眼角有颗泪痣,模样俊美的男子不在意他人打量,径直走到柜台要了一间房。
对此,苹并不反对,杨瑞霖到目前为止仍是以防备她逃跑的方式对待,住一间房大概也是方便看牢她。
“客官,上菜吗?”
“有什么荤菜,上三道,另要一碗汤,几个炊饼。”
“好~”风韵犹存的老板娘胸口露出来一截,摆着别扭的姿势朝杨瑞霖抛了个媚眼儿,男子笑笑,把怀里的苹抱的更紧了。
“客官,你夫人是咋了?一句话不说的。”
老板娘瞥了一眼菜板身材的苹,不以为意。
杨瑞霖一脸温柔,对老板娘无辜地眨眨眼,道:“她累了,非要我抱着。幸好夫人身子轻的厉害,不然我可受不了。”

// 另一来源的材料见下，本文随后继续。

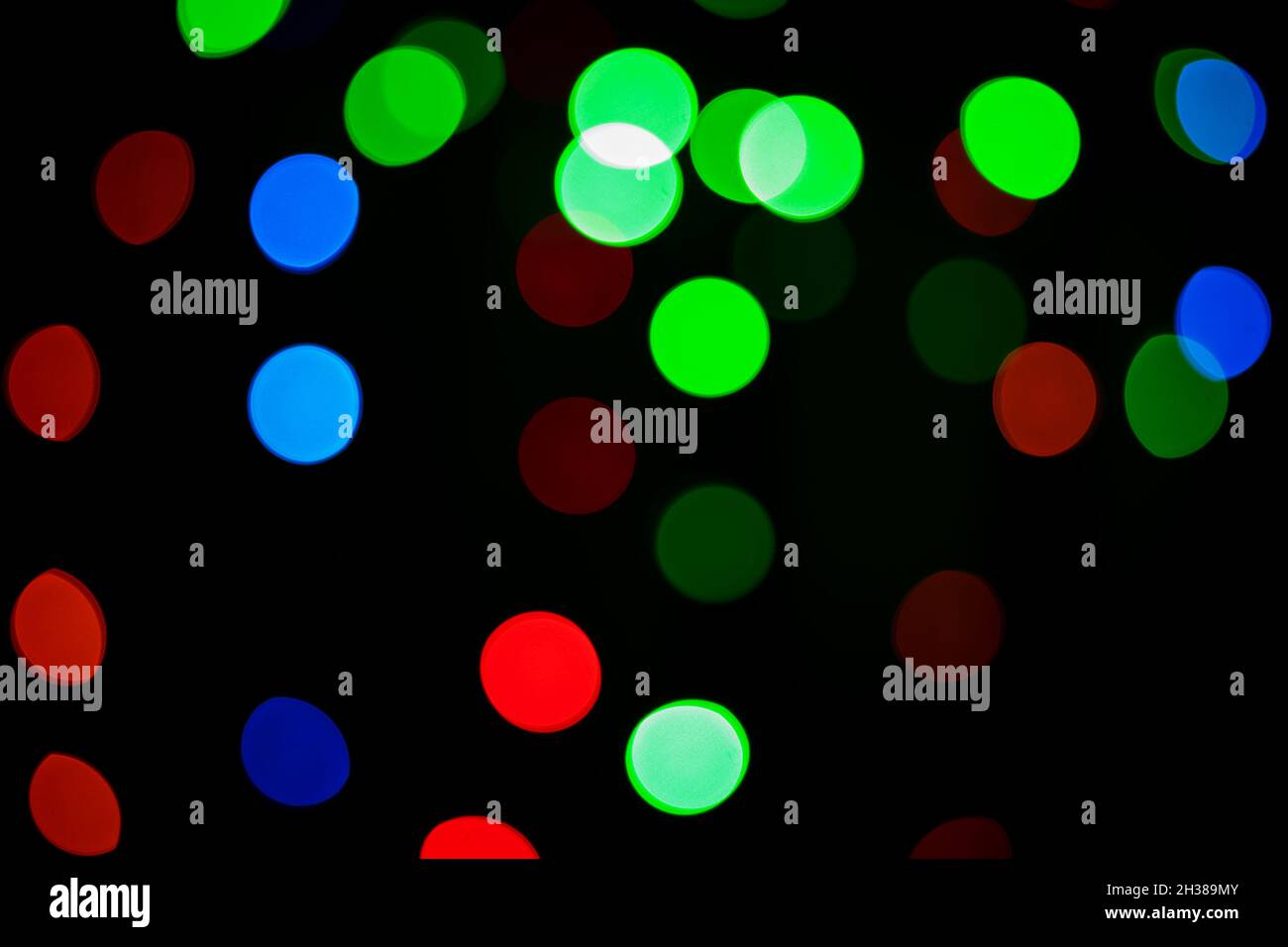 Multicolored bokeh circles on a dark background. Defocusing effect. Decorative background Stock Photo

闻言,苹想辩解,但膝盖下男子的手猛的一紧,“夫妻”对视,意味深长。
苹率先别开眼。
杨瑞霖是个怪异的家伙,经常用眼神传达自己的想法,对于不善交际的苹来说,很难抗拒。
况且她面对男女间关系尚且稚嫩,被人抱着走了一路,脸不红,心却是跳了。
“真是有福,奴家羡慕……”
“呵,不过是我宠坏了。”
一番客套,老板娘把钥匙塞进杨瑞霖手里,略做停顿。
男子平静如深秋的湖面,波澜不惊。
他倒是不在意旁人的触摸,但要是可以选择的话,怀里的那个更适合自己。
*
房间同样简陋,窗边的小桌上放着一朵枯萎的干菊,坐在床边的苹多看了几眼,杨瑞霖就伸手凭空变出一朵花来。
嫩黄色使得饱满花瓣亮人眼球。
“送给你。”杨瑞霖眼里闪烁期待,他晃了晃花儿,“必须收。”
女孩瞪了他一眼,揪花茎要拿过来,却发现花根与杨瑞霖的掌心相连。
木寄生。
杨瑞霖修炼的是什么?
“拿吧,我不会疼的。”
“你,是想让我做什么?还是想让迟冉……你知道迟冉是光义会的?!”最后一句,苹的声音变大了。
糊涂的苹,现在才发现问题所在。
“嘘,隔墙有耳。”杨瑞霖食指点在苹的唇上,“我当然知道迟冉是光义会的了。说了,我是他的师兄,苹,信我,我会带你见到迟冉。”
“多久?”
“很快的。”
拽断花茎,苹闻了闻,气味很清新。
“你也是光义会的?”
“我不是。”
两人一问一答。
等苹没什么可问的了,杨瑞霖给她倒了杯茶:“润润唇。”
苹喝了。
一炷香过去,老板娘端菜来了,脸上的妆容比方才好看些。
“两位请用。”甜腻腻的嗓音,完全不像是与土匪相伴的粗鄙女人。
菜摆好,老板娘故作犹豫,表情紧张地说道:“刚才,几个臭男人在一楼打架,桌子全翻了,奴家又没几分力气,还请……这位客人帮帮忙。”
杨瑞霖歪歪头。
苹跟着歪头。
店里伙计是摆设吗?
“抱歉,我夫人需要我陪,等明天有时间了定会帮忙。”
“明天……”
“嗯,夫人饿了,老板娘快去忙一楼吧,就不耽误老板娘的时间了。”
说罢,杨瑞霖端了饭碗,夹了块排骨:“来,夫人,阿——”
苹:“……”
你见过有人吃排骨连骨头也吃的吗?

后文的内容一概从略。